A garden apiary in Whittlesford, Cambridge, UK - honey bees and their beekeeper Hilary van der Hoff.

Busy October Bees

The air is full of busy buzzing bees!

Yesterday morning was overcast and drizzly, but the bees were still thronging back and forth from the hive entrances.

This morning, in the sunshine, the airspace is even more crowded - it's almost like summer again.

I wonder what they are foraging on? I have not noticed much in flower at the moment. I hope they have not found beehives in another apiary to steal honey from.

Busy bees of the Copper Hive

7th October. Copper Hive bees in the blustery drizzle.

8th October.
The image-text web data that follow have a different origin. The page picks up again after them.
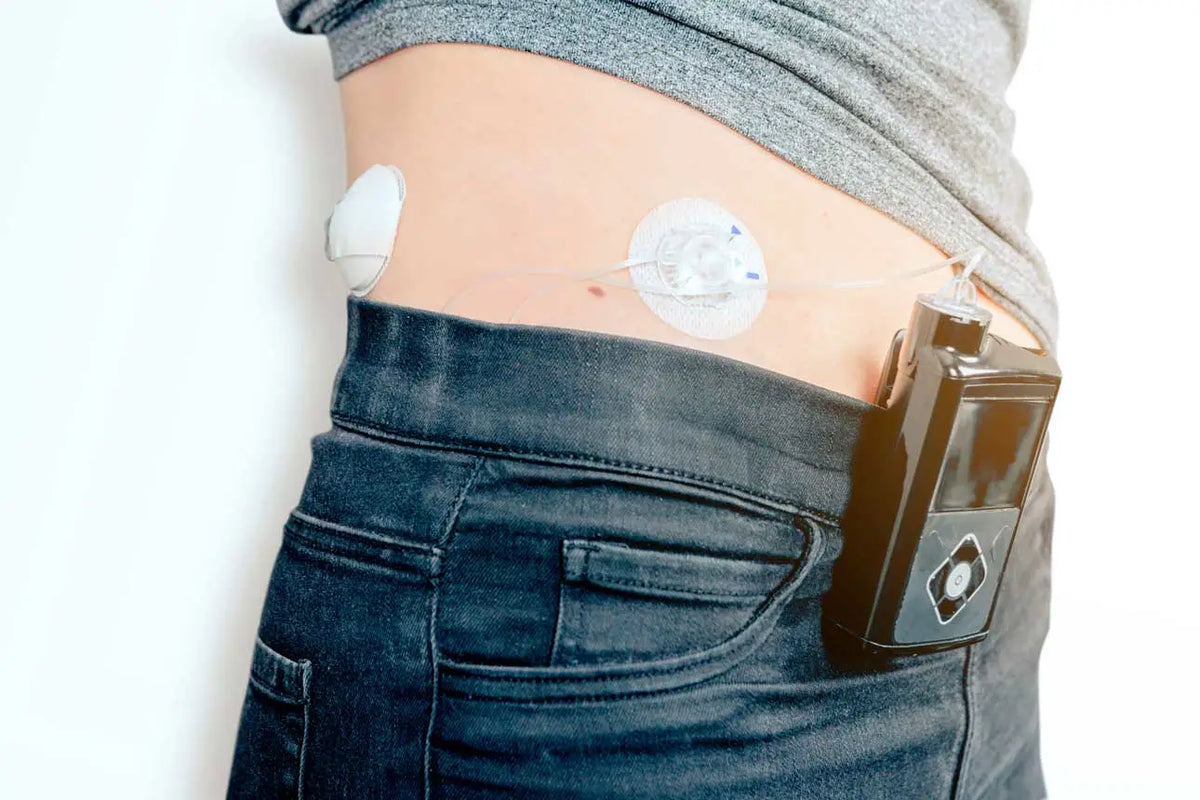The Closed-Loop System for Diabetes Imagen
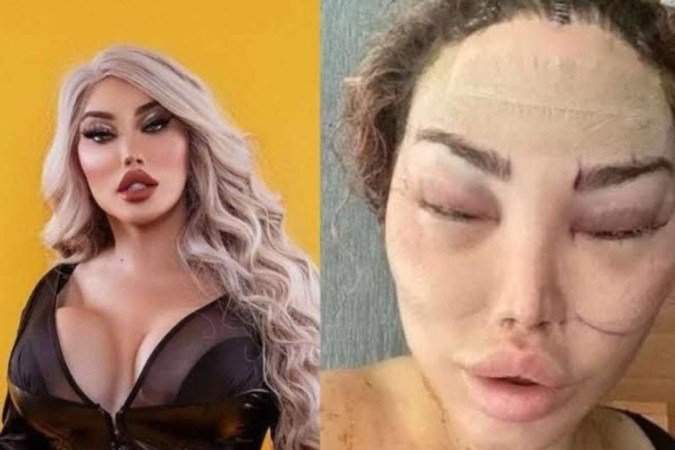 Jéssica Alves, ex-Ken Humano, exibe nova cirurgia no rosto - (crédito: Reprodução Instagram ) Jéssica Alves, ex-Ken Humano, exibe nova cirurgia no rosto - (crédito: Reprodução Instagram )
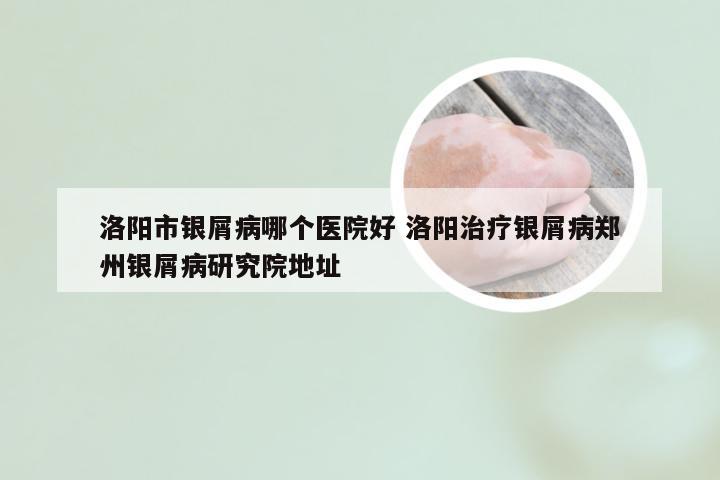 洛阳市银屑病哪个医院好 洛阳治疗银屑病郑州银屑病研究院地址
Copper Hive bees in the autumn sunshine.

Meadow Mown

The August bank holiday weekend is a good time to do the annual cut of the wildflower meadow, as it has mostly by now gone to seed, with just the feverfew, marigolds and a few borage still flowering. Cutting it was complicated by it containing a forest of raspberry canes that weren't intended to be there but which I'd quite like to keep, as well as by it being in the flight path of a large number of honey bees. Nevertheless I have now cut it and it looks like this:

Roar of the Bees

We had a good spring for honey, but it seems to be a poor summer. The supers are light - very little honey in them. And the colonies are relatively small. It used to be that the bees would overflow when I opened a hive - not so any more. Now I can lift out frames without even having to nudge many bees out of the way.

With autumn on the way, the colonies are shrinking fast. You can tell this by looking at the brood frames even at a single point in time. A brood nest full of eggs and young larvae indicates an expanding colony, whereas a nest that has more capped brood than young larvae indicates that the queen's rate of egg laying is decreasing. In the Pond Hive brood box, almost all the brood is capped - I had to search hard to find eggs and larvae. The current capped brood will emerge as new adult bees that will become autumn foragers, but there will be fewer and fewer young bees coming through after that.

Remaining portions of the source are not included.